Programada originalmente para o primeiro semestre do ano, mas transferida por causa das enchentes, depois de muita negociação e planejamento, pela dificuldade e alto custo financeiro para trazer o cenário até Porto Alegre, a comédia Radojka - Uma comédia friamente calculada, dos uruguaios Fernando Schmidt e Christian Ibarzabal, que já têm sido parceiros em outras realizações dramáticas, chegou ao Theatro São Pedro. Deveriam ser três sessões que se multiplicaram em cinco: isso diz bem da recepção que as duas atrizes, Tânia Bondezan - que vive Lúcia e é coprodutora da montagem, ao lado de Odilon Wagner, que desta vez é diretor do espetáculo - e Marisa Orth, alcançaram com este trabalho.
Para quem não lembrar, Tânia Bondezan esteve em Porto Alegre há menos de dois anos, com a montagem de A Golondrina, um texto dramático altamente tenso. Aqui, dá um show enquanto atriz cômica, o que, convenhamos, não é pouca coisa, levando em conta que ela precisa contracenar com Marisa Orth. O melhor de tudo é que Marisa não traz nenhum cacoete da televisão e atua com absoluta naturalidade e desenvoltura, enquanto Tânia Bondezan equilibra o ritmo do trabalho, numa espécie de jogo de constante tensionamento, na maioria das vezes cômico, raramente dramático, permitindo que o espectador acompanhe o suspense sem antecipar o que vai ocorrer em seguida.
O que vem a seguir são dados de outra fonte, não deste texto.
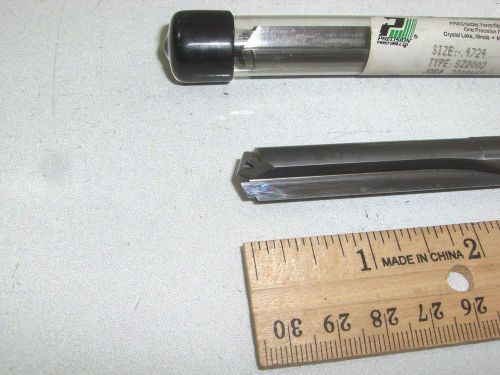 PRECISION TWIST .4724&#034; SOLID CARBIDE 2 FLUTE COOLANT FED SPECIAL DRILL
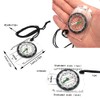 Juego de brújula orientadora de 12 piezas, impermeable, brújula de
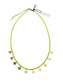COLORFUL SEED BEAD AND GOLD FAN NECKLACE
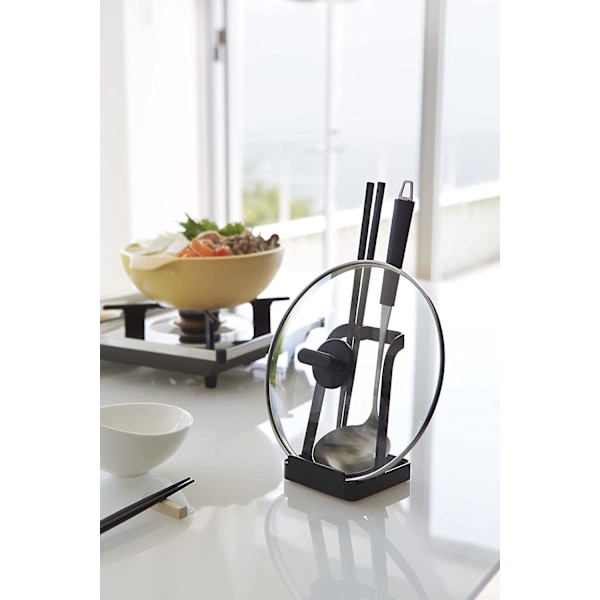 Tower Ladle Holder - Låg Stativ Til Køkkenredskaber, Sort Black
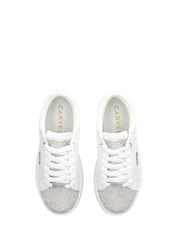 Carvela Soar Jewel White 2 Trainers - Image 5 of 5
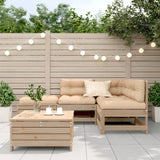 Set Divani Giardino 6 pz con Cuscini in Legno Massello di Pino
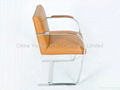 Knoll Brno flat dining chair with arm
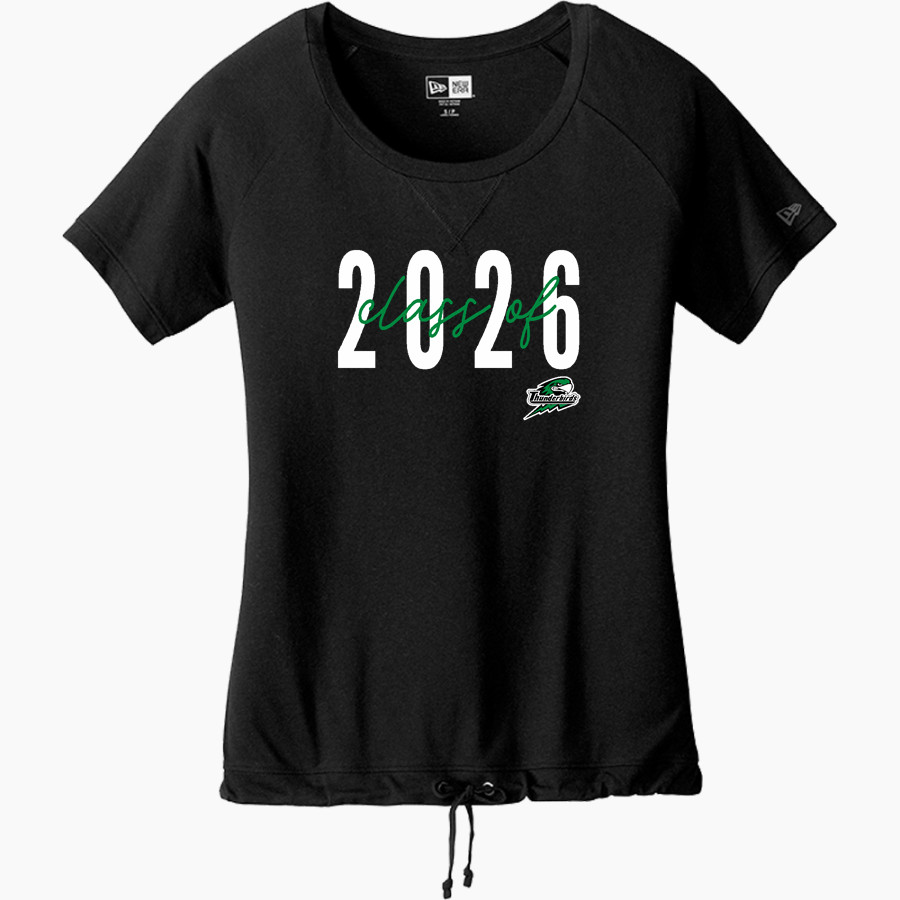 North Central Thunderbirds <span class="pdp-name-mascot">North Central Thunderbirds</span> New Era Women's Tri-Blend Short Sleeve Cinched Tee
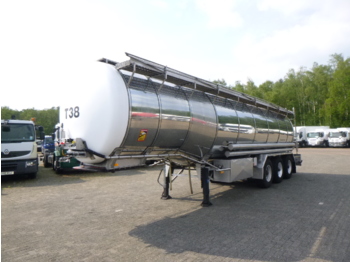 Полуприцеп-цистерна для транспортировки пищевых продуктов Burg Food tank inox 30.5 m3 / 3 comp + pump: фото 1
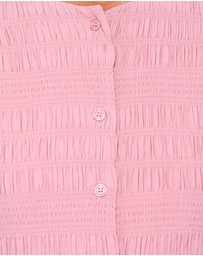 Petal & Pup - Amaya Long Sleeve Mini Dress - Pink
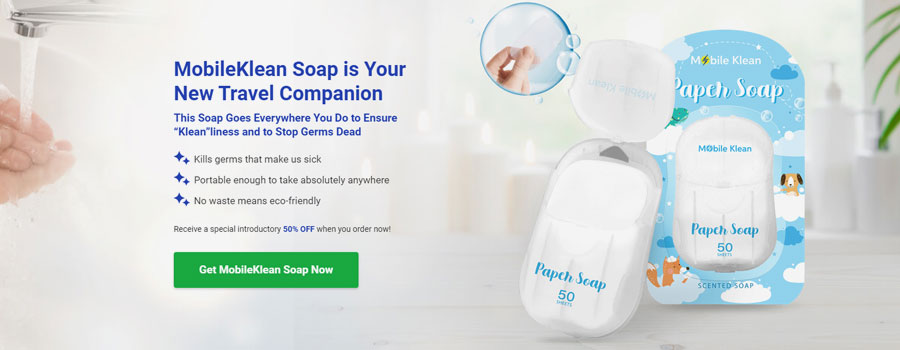 MobileKlean Paper Soap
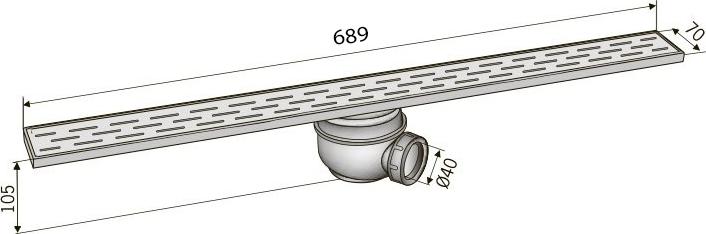 Душевой лоток ACO Showerdrain 405718 с решёткой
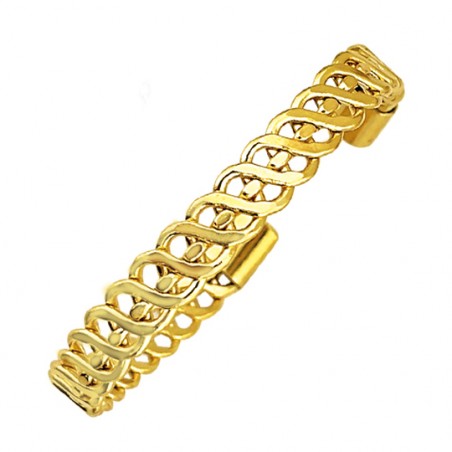 Bracelet Jonc Ouvert Diana - Plaqué Or 18K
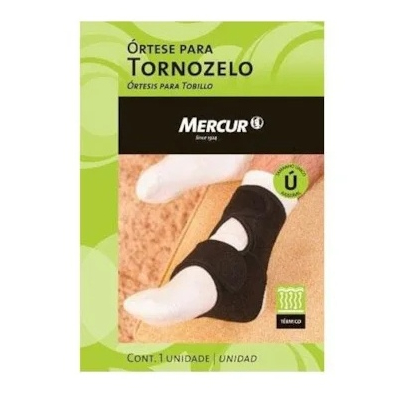 Tornozeleira Esporte Ajustável Mercur (Ref. BC0041) - Tamanho Único: Suporte e Estabilidade para Atletas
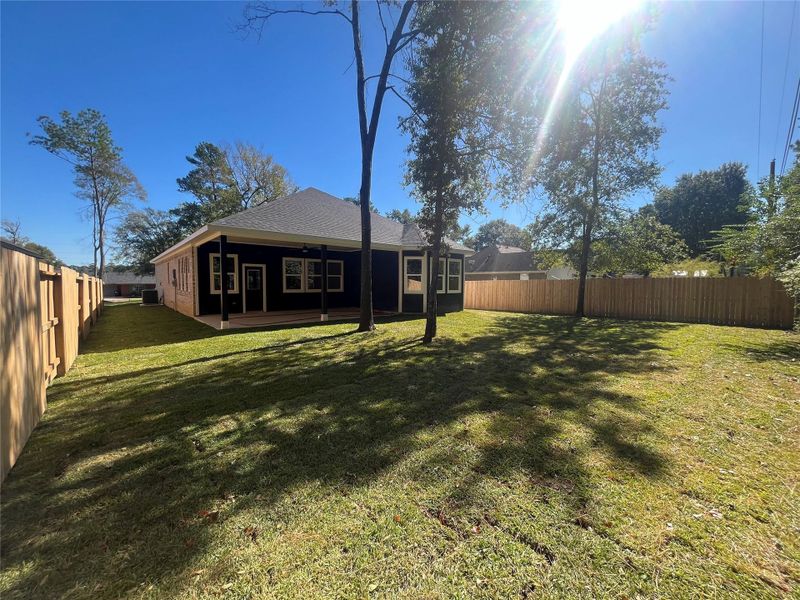 28807 Champion Oak backyard view of back patio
Diante da comicidade de alguns mais recentes roteiristas e dramaturgos argentinos, alguns dos quais já chegaram a ter obras aqui encenadas, pode-se dizer que a dramaturgia é boa, mas poderia aproveitar melhor a situação criada: uma idosa morre repentinamente e suas duas cuidadoras não sabem o que fazer para garantir seus empregos, decidindo, assim, congelá-la. Ocorre que a velha sérvia tem um filho, que envia mensalmente o cheque que paga as cuidadoras, e que decide, em algum momento, visitar a mãe. Nesta passagem talvez resida um dos momentos mais hilários e mais bem resolvidos de todo o espetáculo, e que depois vai se desdobrar diretamente com a conclusão do texto.
Para completar as figuras mencionadas pelas personagens femininas, vamos encontrar ainda o jovem e delinquente filho de Lúcia, vivido pelo diretor de palco, Tadeu Costa, numa intervenção que é estrategicamente importante para o desenvolvi mento do enredo; e Rafael Alvim, que vai personificar o filho da velha senhora recém-falecida.
O desenvolvimento da trama tem altos e baixos. Mas me preocupava a maneira pela qual o enredo poderia ser encerrado e, neste sentido, a dupla Schimdt e Ibarzabal acertou em cheio, fechando com chave de ouro, como se costuma dizer, a trama sempre à mercê de reviravoltas interessantes e inteligentes, de maneira a prender continuamente a atenção do público.
O cenário conservador, mas de bom gosto de Chris Aizner, os figurinos de Marilichen e Artisevskis, a trilha sonora de Jonathan Harold e a iluminação de Daniel Gonzales garantem um espetáculo com perfeita interação entre todos os elementos da encenação, garantindo inclusive as trocas de cenas, em que o blackout acaba sendo exigido. O espetáculo tem ritmo, e isso é fundamental para uma comédia que, como esta, estreada em Montevidéu, em 2016, tem sido encenada em diferentes países latino-americanos e europeus, além dos Estados Unidos, colecionando um bom conjunto de premiações e troféus.
A situação de saída - o medo que as duas cuidadoras têm de perder seus empregos, elas que já não são mais mocinhas e sabem das dificuldades em alcançar outra ocupação - é apenas o ponto de saída do enredo. Na verdade, o diálogo flui à medida em que ambas as personagens, embora complementares em suas funções, não se respeitam e nem se valorizam, o que gera uma constante competição entre elas. Dessa competição passa-se, rapidamente, com o novo contexto criado pelo falecimento da velha senhora, ao engodo que se desenrola entre elas e que chega ao paroxismo ao final do texto.
Radojka - Uma comédia friamente calculada é, neste sentido, tanto uma história policial, porque, afinal temos um morto e a vontade de esconder tal situação (bem sublinhada pela trilha sonora, diga-se de passagem), quanto uma comédia de situação e de diálogo, provocando, por isso mesmo, a necessária e constante atenção do espectador que, ao final, esquece o que está à sua volta e se diverte com o nonsense da situação.